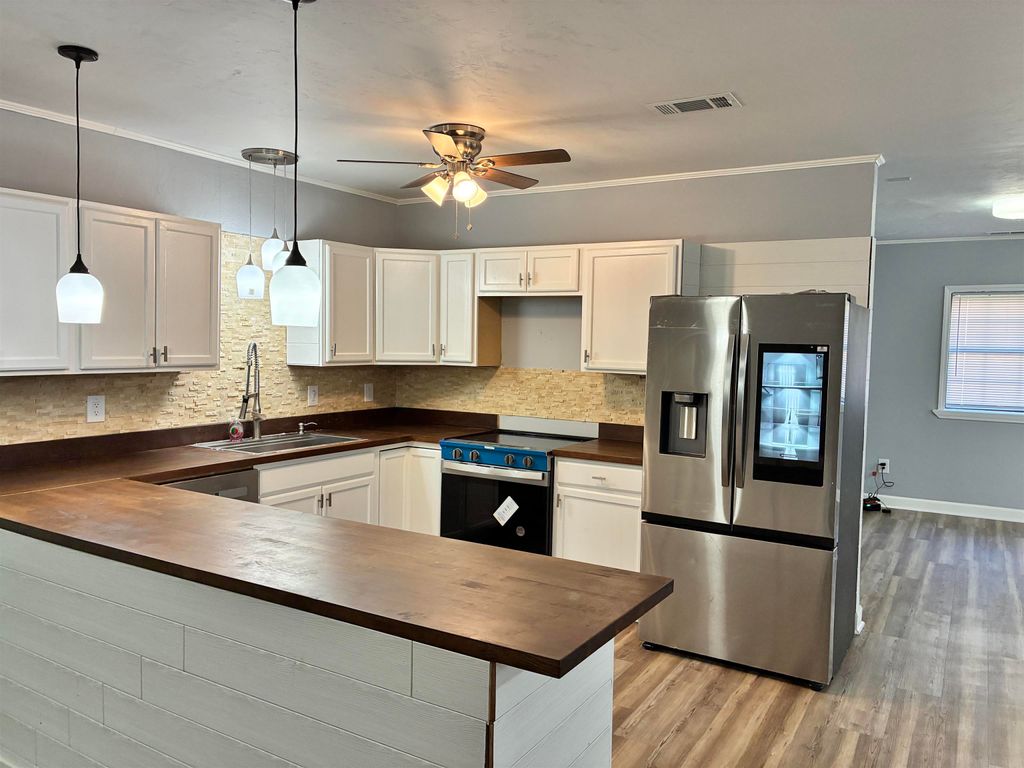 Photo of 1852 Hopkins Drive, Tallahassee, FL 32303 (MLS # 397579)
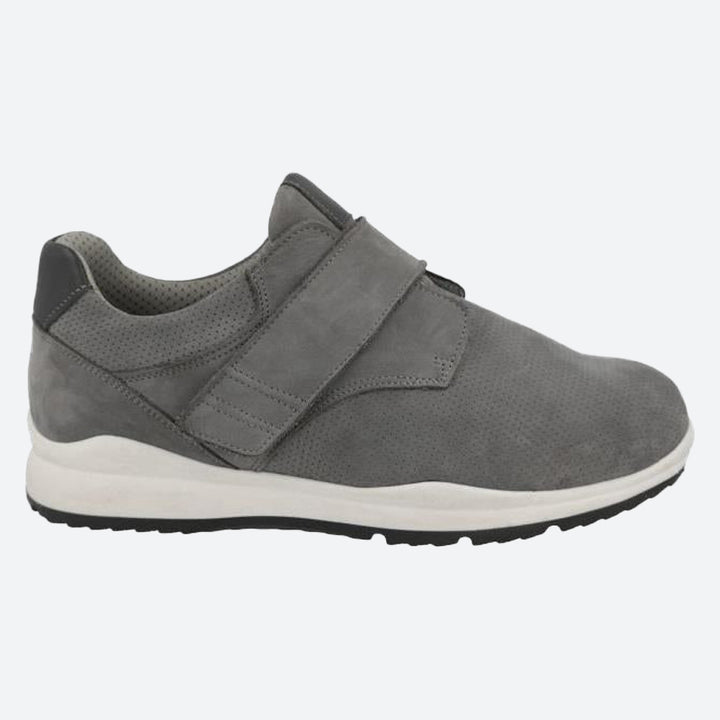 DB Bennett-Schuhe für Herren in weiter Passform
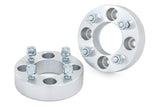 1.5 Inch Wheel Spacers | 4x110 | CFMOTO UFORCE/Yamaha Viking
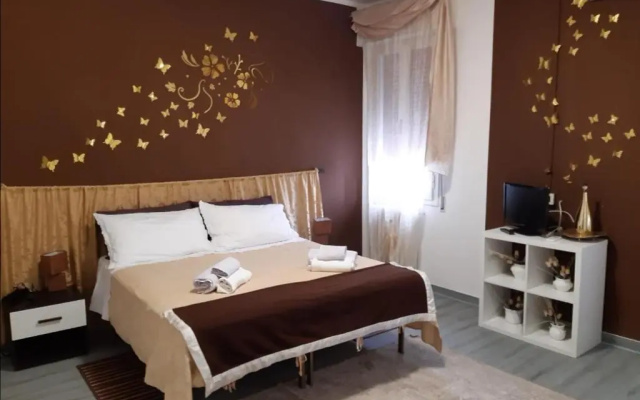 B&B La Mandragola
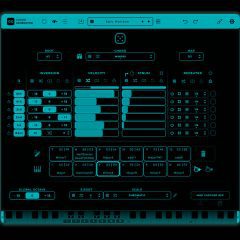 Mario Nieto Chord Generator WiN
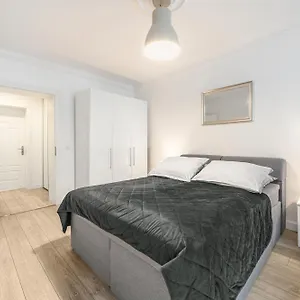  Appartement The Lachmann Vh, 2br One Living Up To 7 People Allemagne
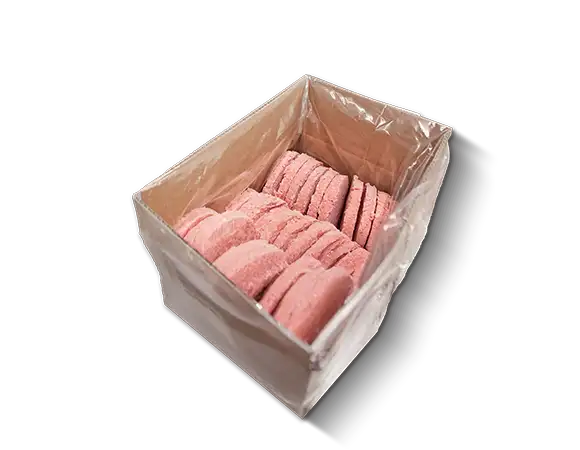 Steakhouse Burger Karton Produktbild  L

◆ The problem: Repeat the records verbatim, excluding pictures.

◆ Written answer:
 Photo of 1852 Hopkins Drive, Tallahassee, FL 32303 (MLS # 397579)
 DB Bennett-Schuhe für Herren in weiter Passform
 1.5 Inch Wheel Spacers | 4x110 | CFMOTO UFORCE/Yamaha Viking
 B&B La Mandragola
 Mario Nieto Chord Generator WiN
  Appartement The Lachmann Vh, 2br One Living Up To 7 People Allemagne
 Steakhouse Burger Karton Produktbild  L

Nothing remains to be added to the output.